I think the easy part with much of this is starting. There’s always a workshop, an event, or a book to read. The beginning is exciting. New possibilities, discoveries, and something to learn! But after the workshop ends or we finish the last page of the book, what do we do next? I think that’s where I tend to have the most difficulty.

At that point is where the work begins. Getting the deep benefits of most practices means taking the time to work through multiple layers and get down to the root. Like Shrek said, “Ogres are like onions…[they] have layers.” It’s sad how often I find this quote applies in life. But anyway…in the past, I have probably been the biggest flake when it comes to my own meditation practice.

The first time I meditated was in college during coursework on Buddhism. It was part of the curriculum and we all went to a Buddhist temple, sat along aside monks, and wafted in overwhelming amounts of Nag Champa. It was pretty great. I felt like I was a part of something and learning about myself. I.E. The college experience.

After that class, meditation probably left my life for 5 years. It was always an interest but not one that pulled me to action.

Then it would pop back up. I tried Headspace and that got me going for a while. After that it would drift away and only come back at the end of a Yoga practice. Then it started to come back stronger and stronger.

 I’ll go through spurts when every day after work I sit. After about a week like this I can start to feel the difference. The stillness and ability to choose how my mind works starts to flow into other parts of my life. That’s the best feeling, right? You start to see the results.

Then I pause again…

Keeping a cadence with the practice is hard even though I know what the benefits feel like. I still struggle. It’s not even that I get frustrated I just allow life to get in the way.

So to stop this, I started to add it to my calendar. Seems ridiculous, but if I don’t schedule it, I don’t do it. Sadly, my calendar is still my master. It’s a constant reminder that I have something to do today after work. Should something else come up, then I have to reschedule it.

2018 –> The time when we schedule our spiritual practice.

What do you do to maintain your own practice, whatever it is?
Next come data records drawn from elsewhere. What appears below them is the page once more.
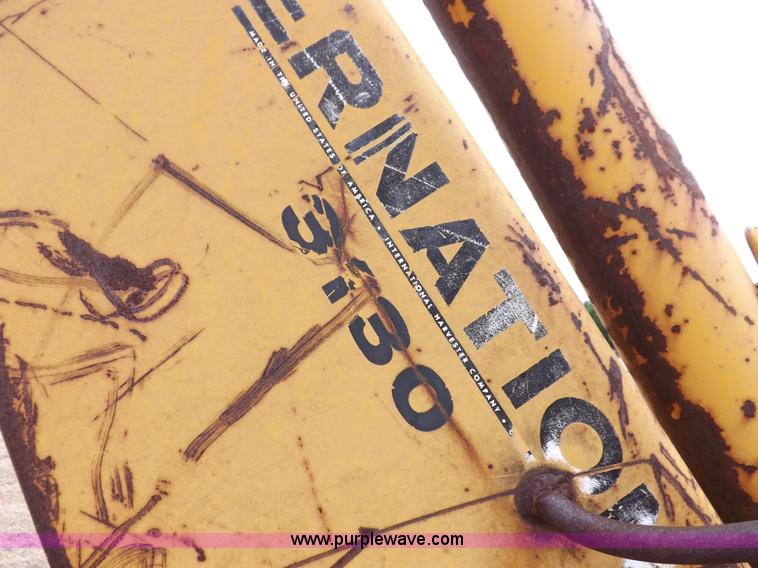 image for item H1878 International 2504 backhoe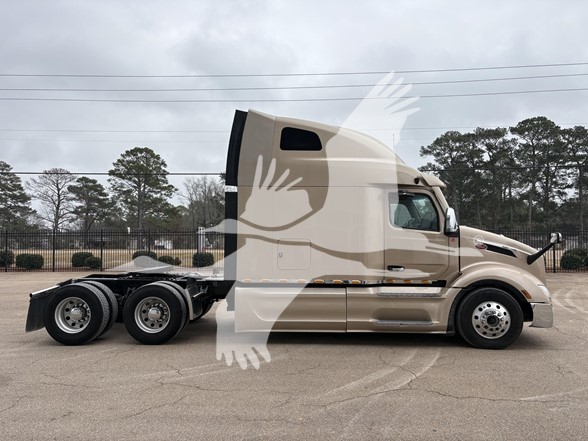 2023 PETERBILT 579 2023 PETERBILT 579 - image 4 of 6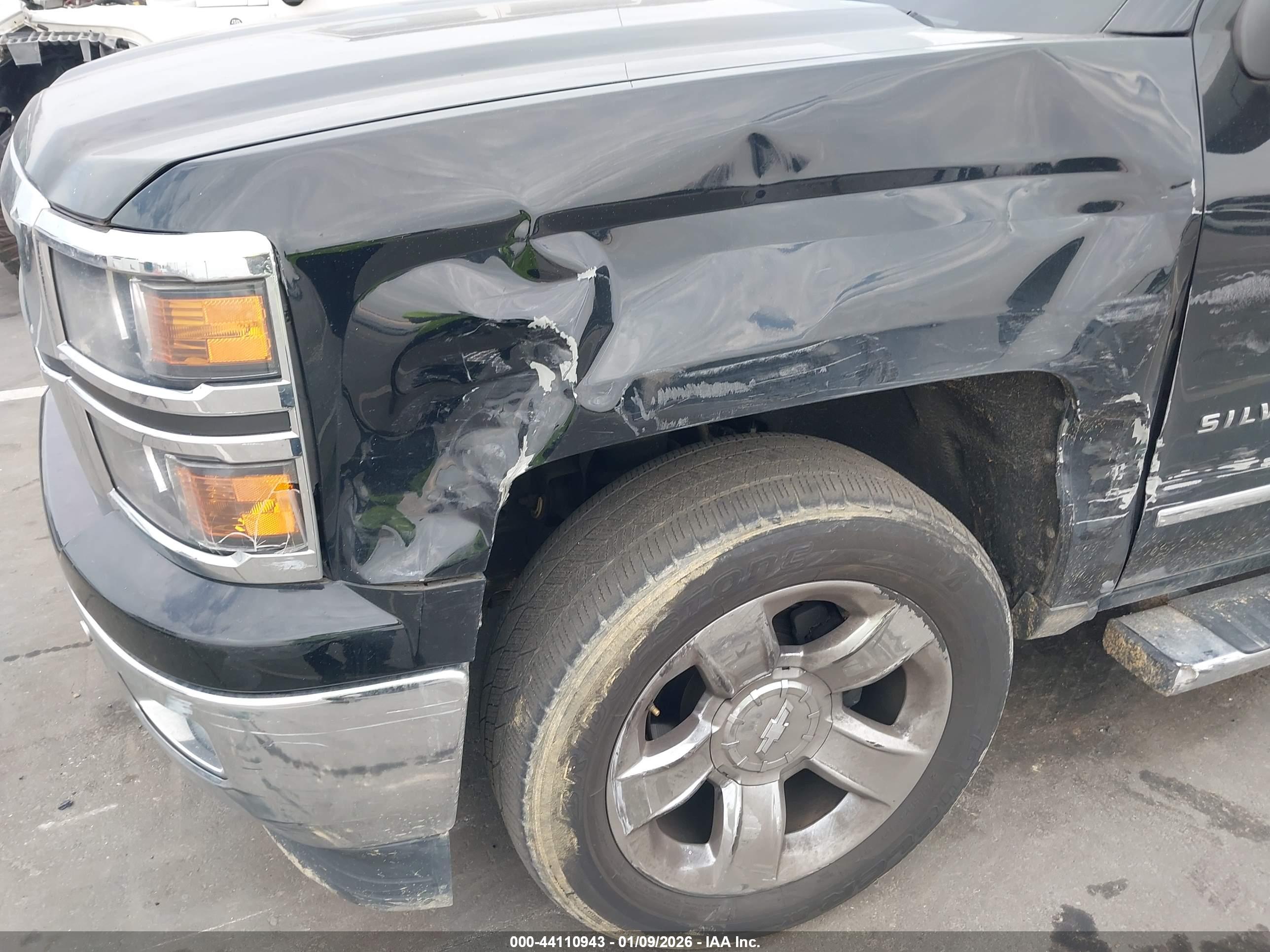 CHEVROLET SILVERADO image 6
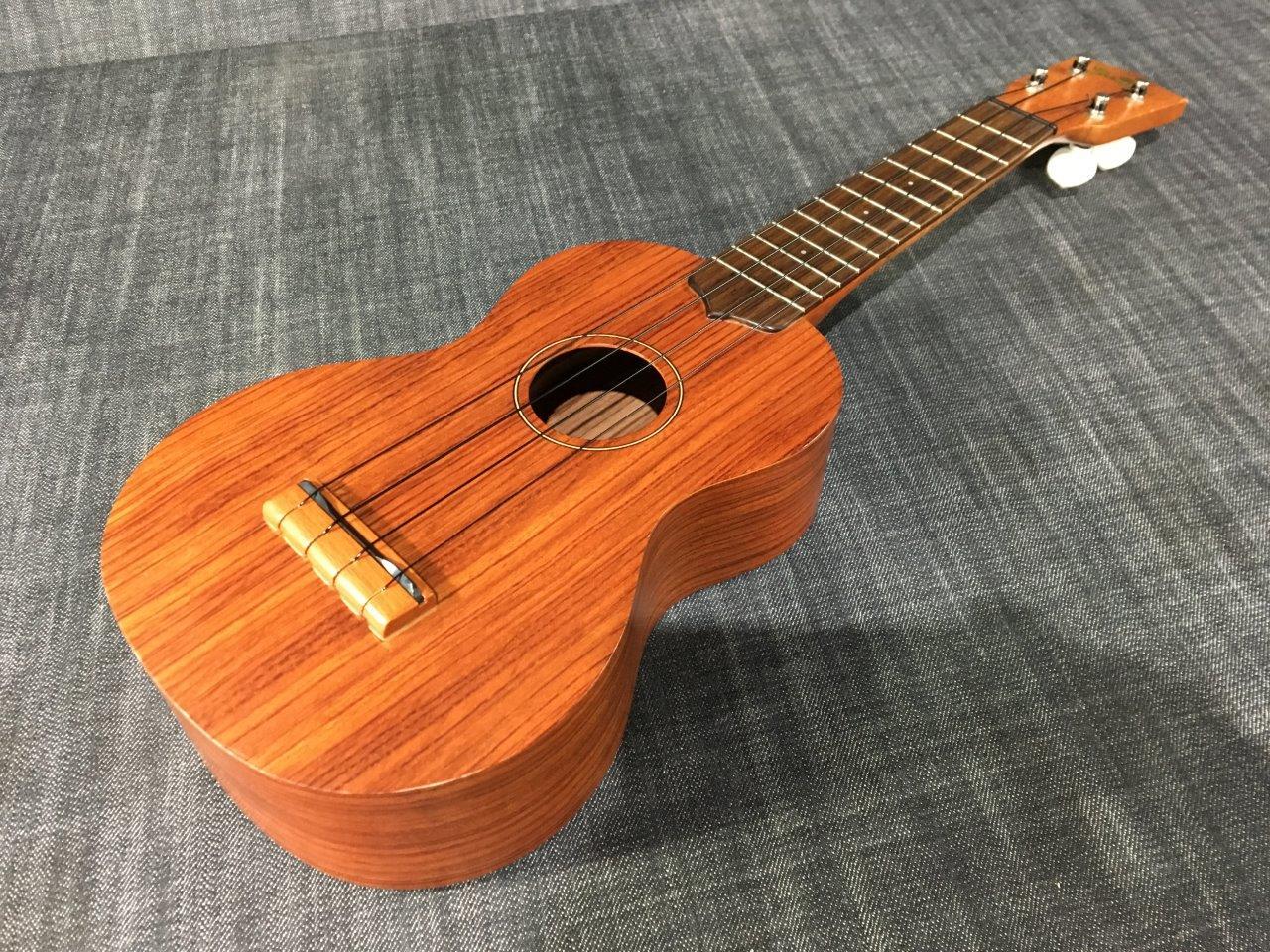 Famous FS-3（中古/送料無料）【楽器検索デジマート】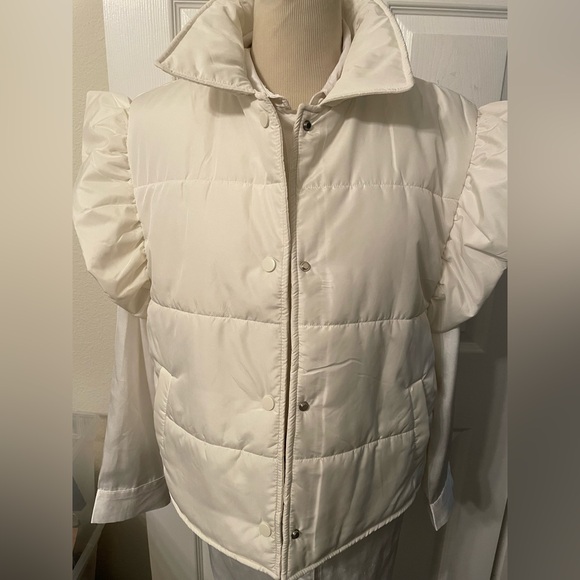 NWT Black Ruffled sleeveless collared Puffy Vest Coat one size, puffer coat - Picture 2 of 6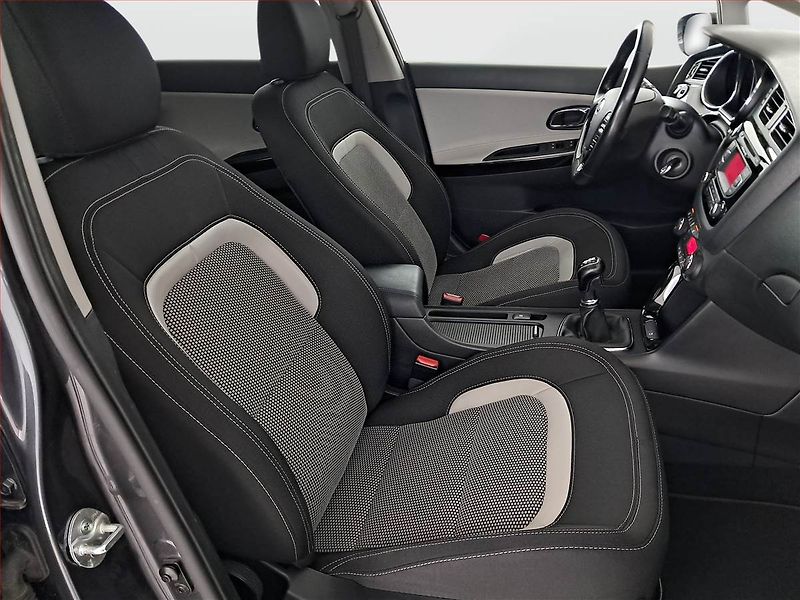 Kia Ceed (2014) 1.6 CRDi, ČR,1.maj, Tempomat - fotka 9 z 17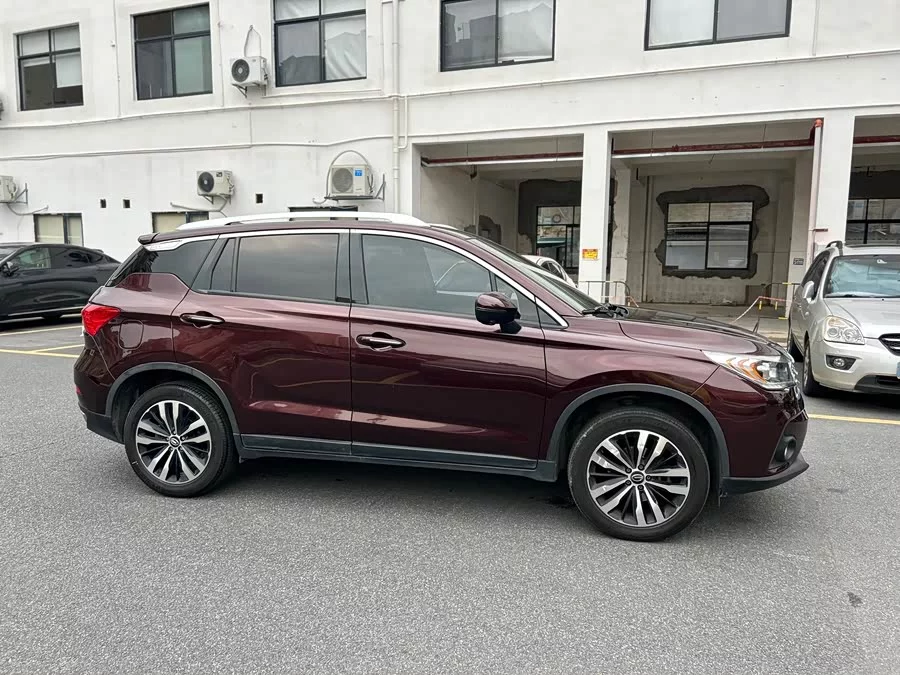 GAC Trumpchi GS4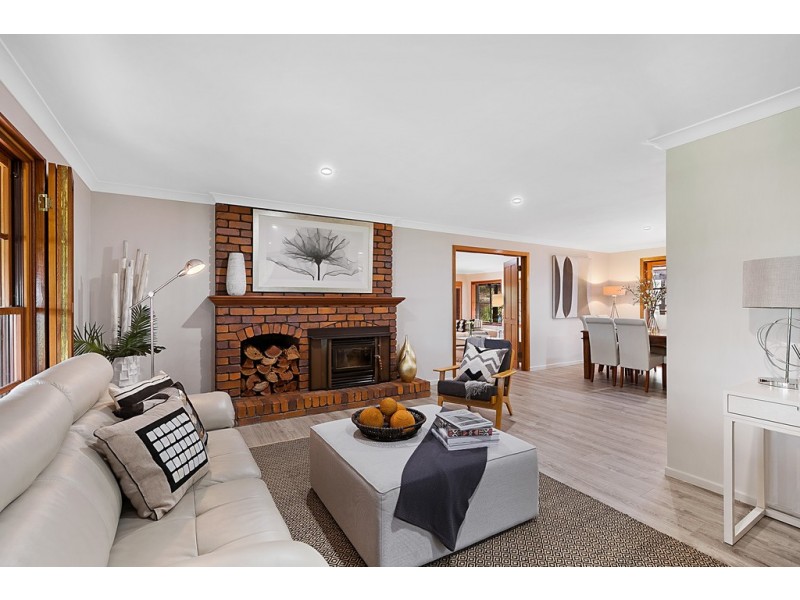 1 Large Street, Middle Ridge QLD 4350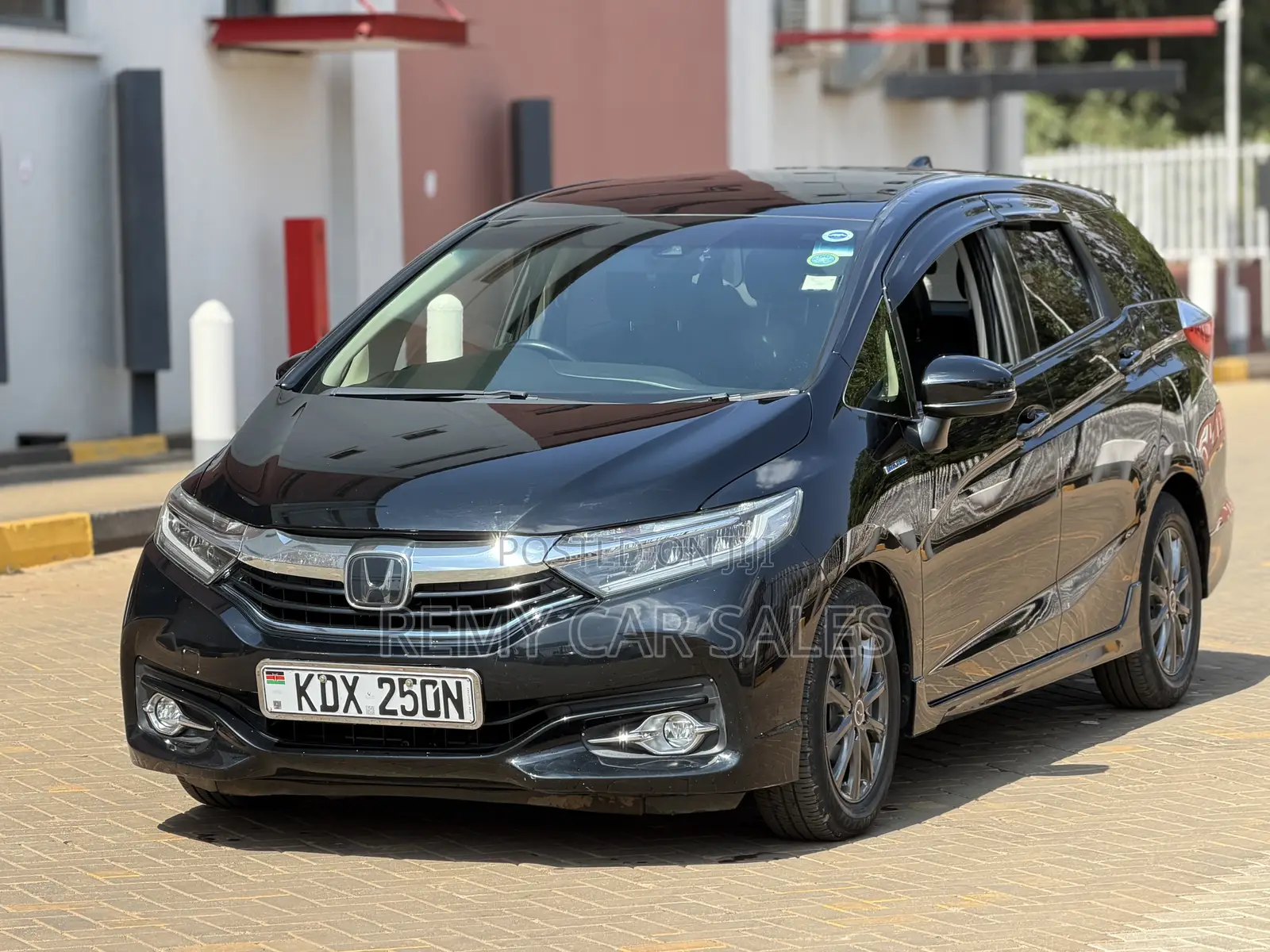 Honda Fit Shuttle 2018 Black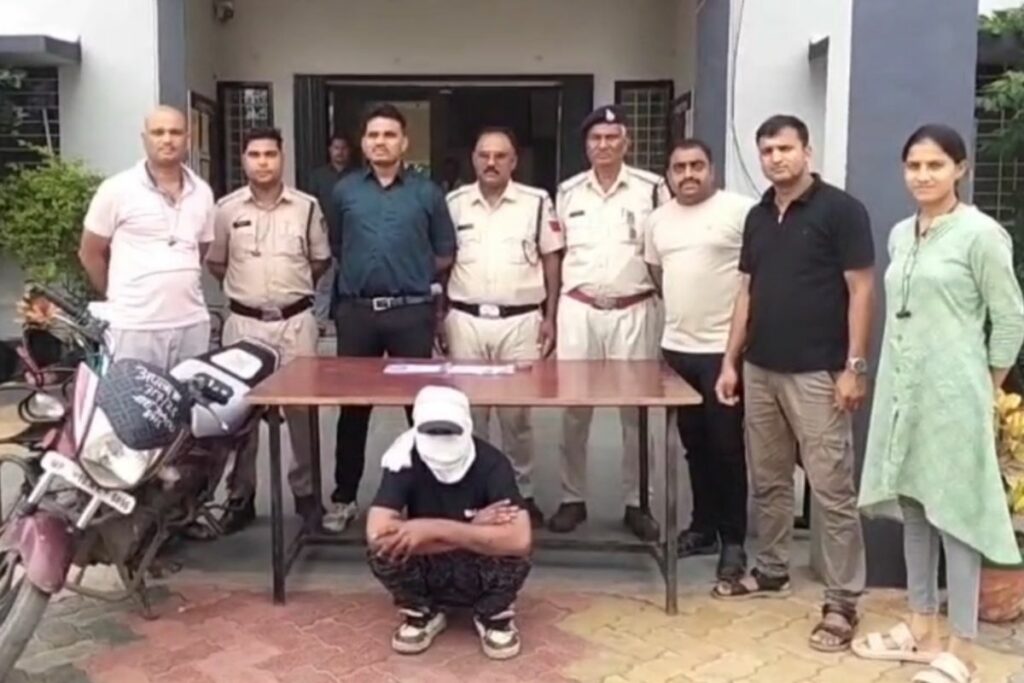 Khargone News, Khargone Woman Robbery Case, Gogawan Police Robbery Arrest, Khargone Crime News 2025, Madhya Pradesh Woman Loot Case, Lift Loot Incident Khargone, Gogawan Female Robbery, Khargone Jewellery Theft News, Shubham Amode Robbery Case, Khargone Criminal Arrest, MP Gold Robbery 2025, Khargone Bike Robbery, Khargone Looter Arrested, Khargone Police Investigation News, Khargone Crime Patrol Style Case, Khargone Loot FIR Update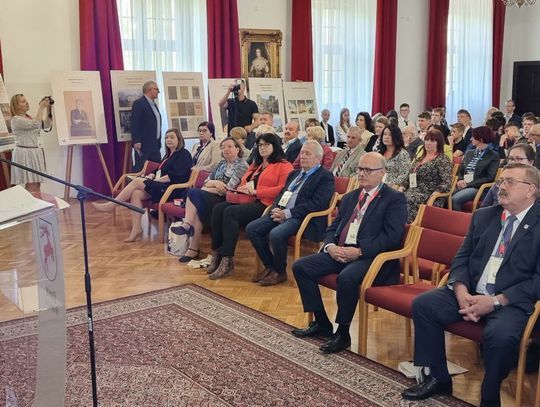 O życiu i twórczości Brzeskiej i Karwatowej
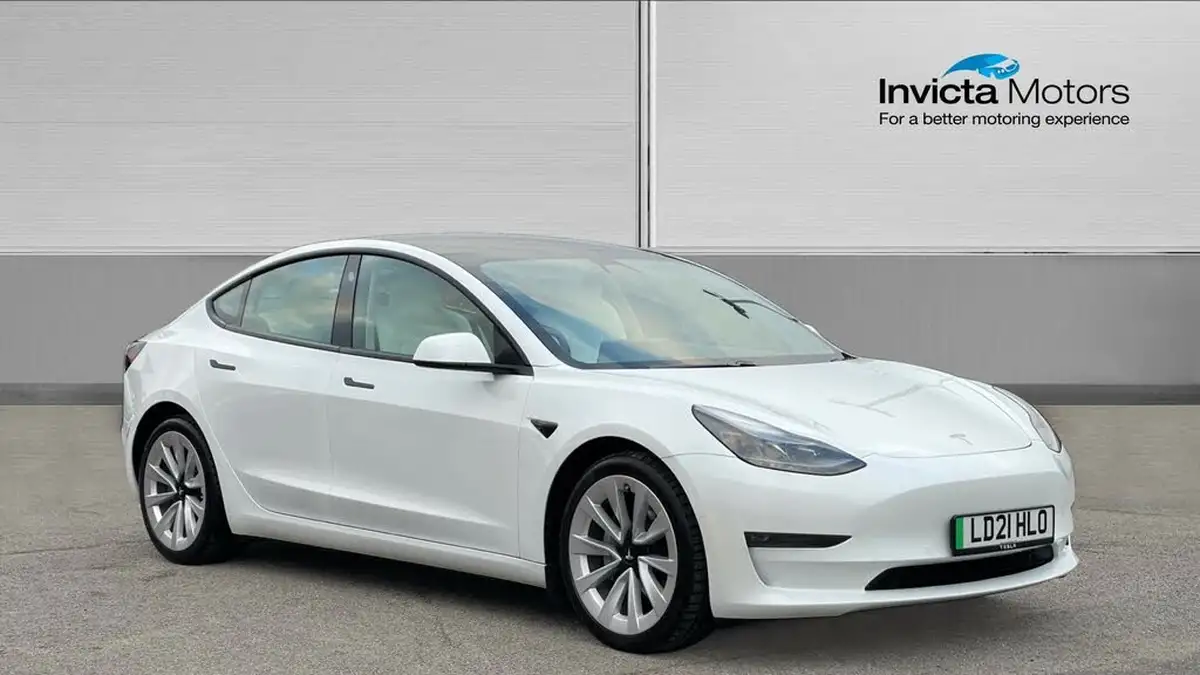 2021-tesla-model-3-e-long-range-4x4-big-0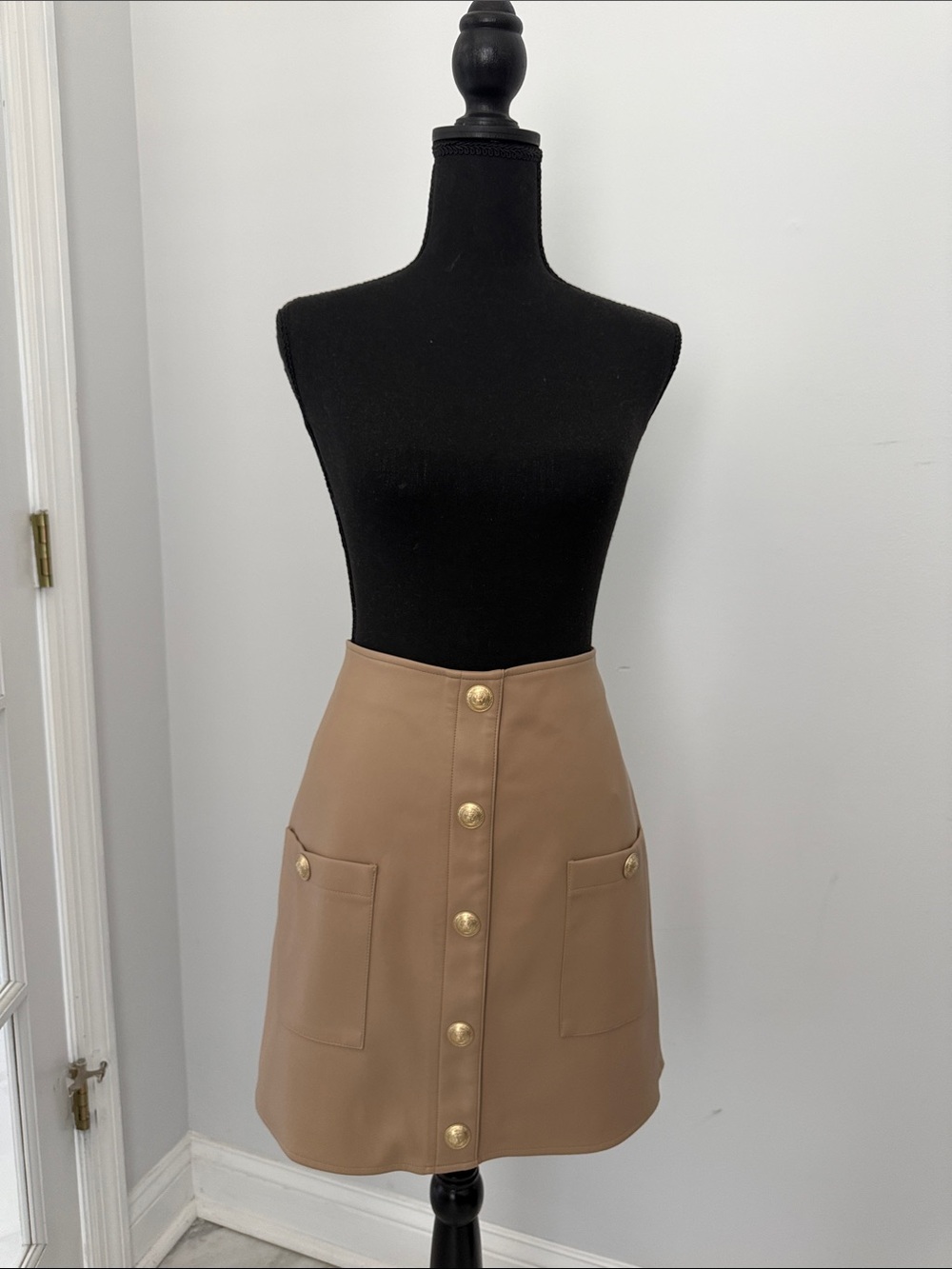 NEW L'AGENCE Taupe Button-Front Faux Leather Mini Skirt Sz 8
  1. As I was reading, I was going to suggest scheduling, but then, before the end, you got to it yourself. Research has shown we are more likely to do something if we write it down. The key is how much we value the activity as this goes a long way with motivation. If it’s just not happening, let it be, don’t get into ‘should’ ‘must’ ‘ought’. It will happen when it happens. For me, many of my activities come in waves, painting, making jewellery, all sorts. I do it with gusto and then leave it a while. I’ve come to the conclusion, it’s okay.